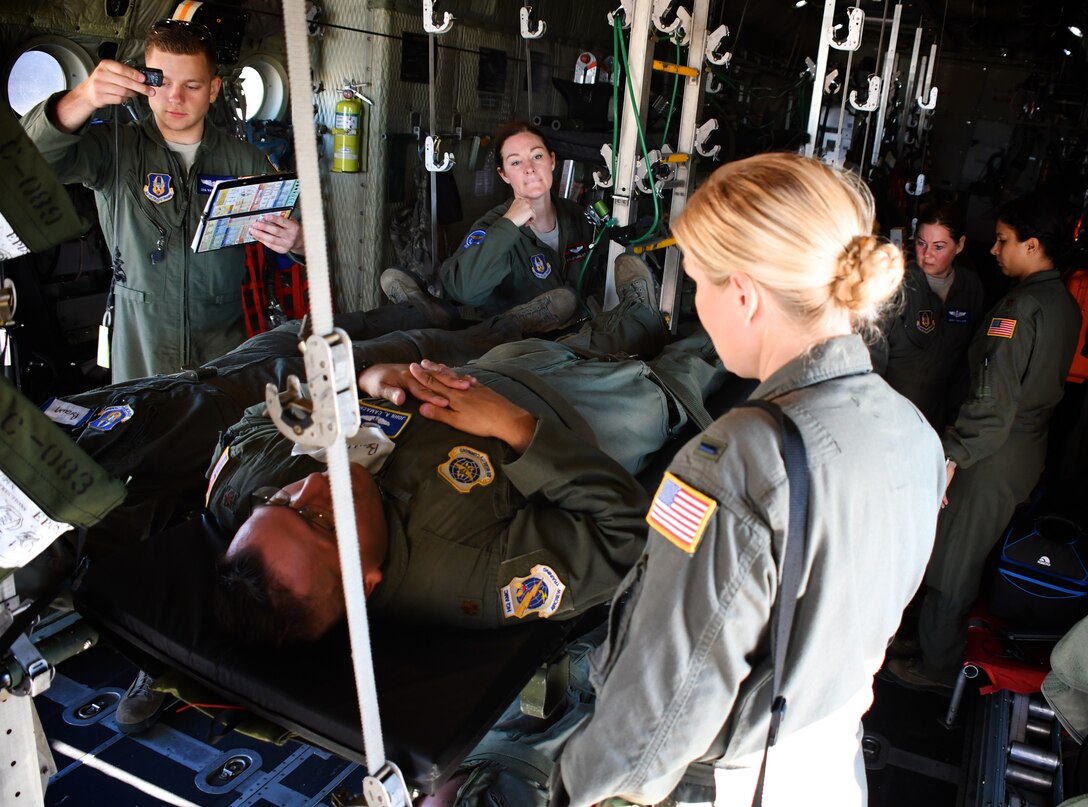 Just before take off, 932nd Aeromedical Evacuation Squadron medical members make final arrangements secure the load, as they work together, preparing to fly with "simulated patients" during a training flight, July 21, 2018 at Scott Air Force Base, Ill. The AES went through multiple checklists as they trained alongside fellow nurses and medical technicians from active duty, on a multi day flight aboard a C-130 aircraft visiting from the 910th Airlift Wing of Youngstown, Ohio. The 932nd Airlift Wing is a 22nd Air Force unit, under the Air Force Reserve Command, and is located at Scott Air Force Base, Ill. (U.S. Air Force photos by Lt. Col. Stan Paregien)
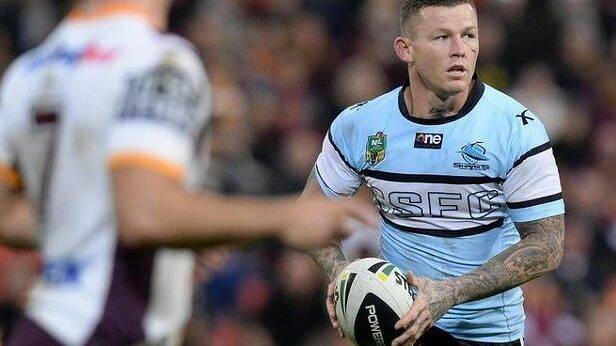 Sacked again: Todd Carney has been shown the door by the Cronulla Sharks after a disturbing photo went viral over the weekend. Photo: Getty Images.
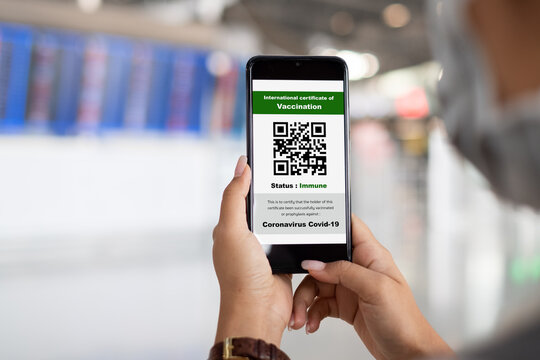 Traveler shows health passport of vaccination certification on phone at airport, to certicy that have been vaccinated of coronavirus covid-19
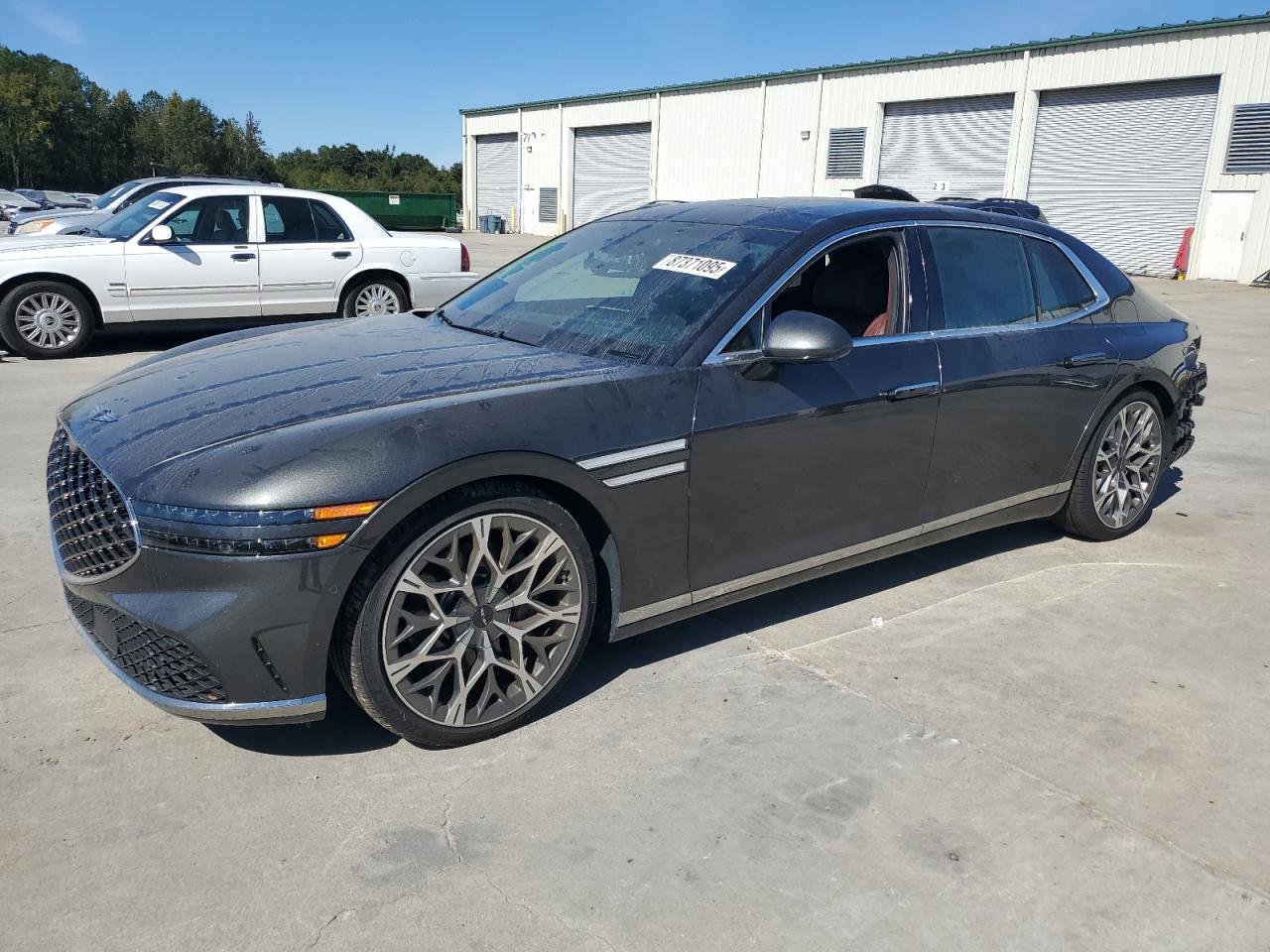 2023 Genesis G90 e-SC, VIN KMTFC4SD6PU029919 — Зад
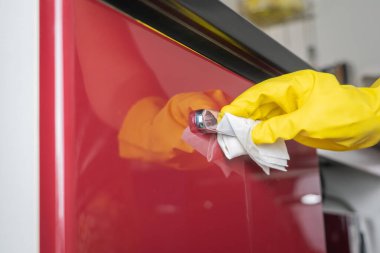 Covid-19 Coronavirus önleme için alkol spreyi ile kapı kolunu temizliyorum.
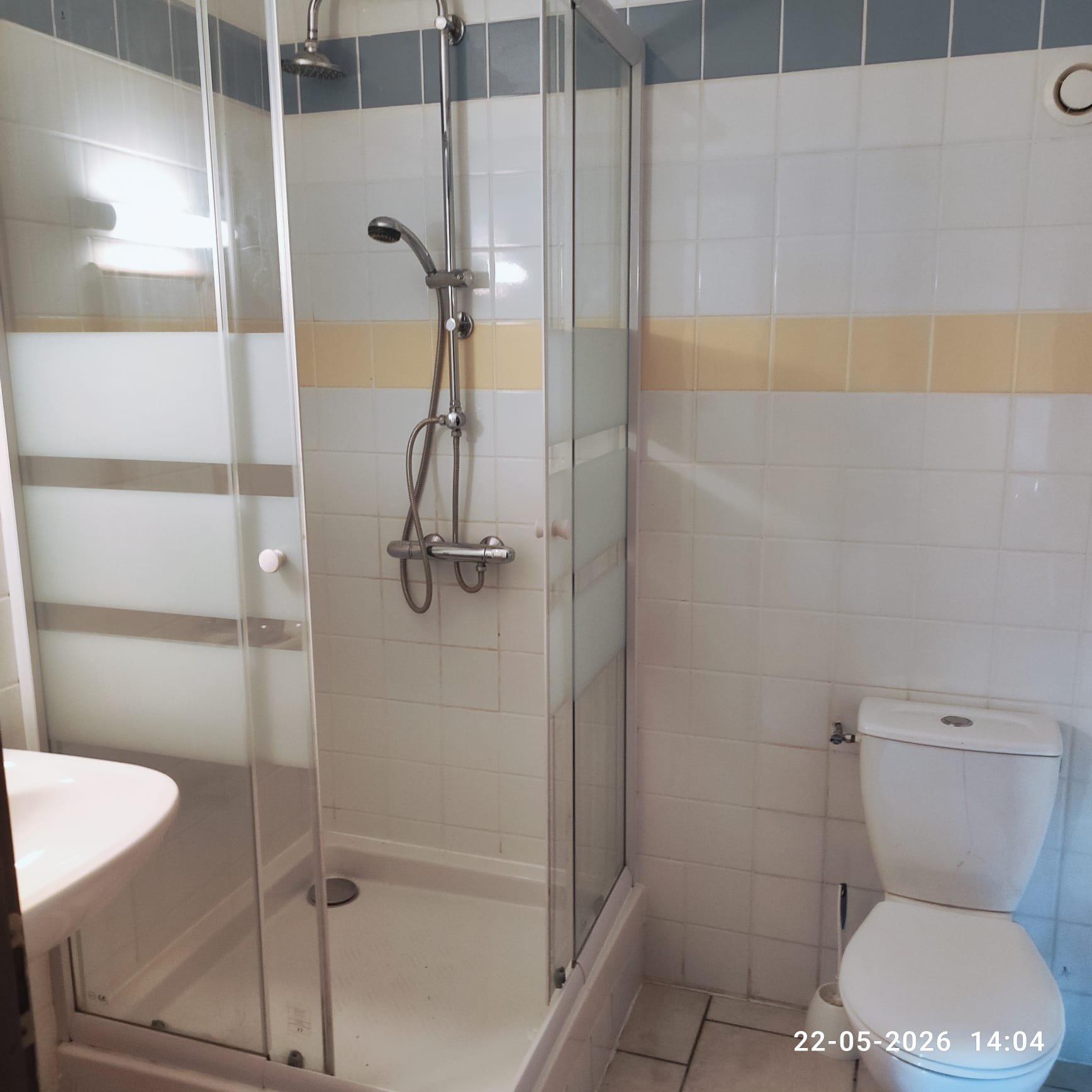 Een badkamer met een inloopdouche, een toilet en een wastafel, betegeld in wit, met een horizontale lijn van beige tegels. Er is een sketch onder de douche en een klok op de muur. De foto is genomen op 22 mei 2026 om 14:04.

== WHAT IS NEEDED ==
Reproduce every line of the data above, exactly as it stands, but not the pictures.

== EXPECTED OUTPUT ==
 Just before take off, 932nd Aeromedical Evacuation Squadron medical members make final arrangements secure the load, as they work together, preparing to fly with "simulated patients" during a training flight, July 21, 2018 at Scott Air Force Base, Ill. The AES went through multiple checklists as they trained alongside fellow nurses and medical technicians from active duty, on a multi day flight aboard a C-130 aircraft visiting from the 910th Airlift Wing of Youngstown, Ohio. The 932nd Airlift Wing is a 22nd Air Force unit, under the Air Force Reserve Command, and is located at Scott Air Force Base, Ill. (U.S. Air Force photos by Lt. Col. Stan Paregien)
 Sacked again: Todd Carney has been shown the door by the Cronulla Sharks after a disturbing photo went viral over the weekend. Photo: Getty Images.
 Traveler shows health passport of vaccination certification on phone at airport, to certicy that have been vaccinated of coronavirus covid-19
 2023 Genesis G90 e-SC, VIN KMTFC4SD6PU029919 — Зад
 Covid-19 Coronavirus önleme için alkol spreyi ile kapı kolunu temizliyorum.
 Een badkamer met een inloopdouche, een toilet en een wastafel, betegeld in wit, met een horizontale lijn van beige tegels. Er is een sketch onder de douche en een klok op de muur. De foto is genomen op 22 mei 2026 om 14:04.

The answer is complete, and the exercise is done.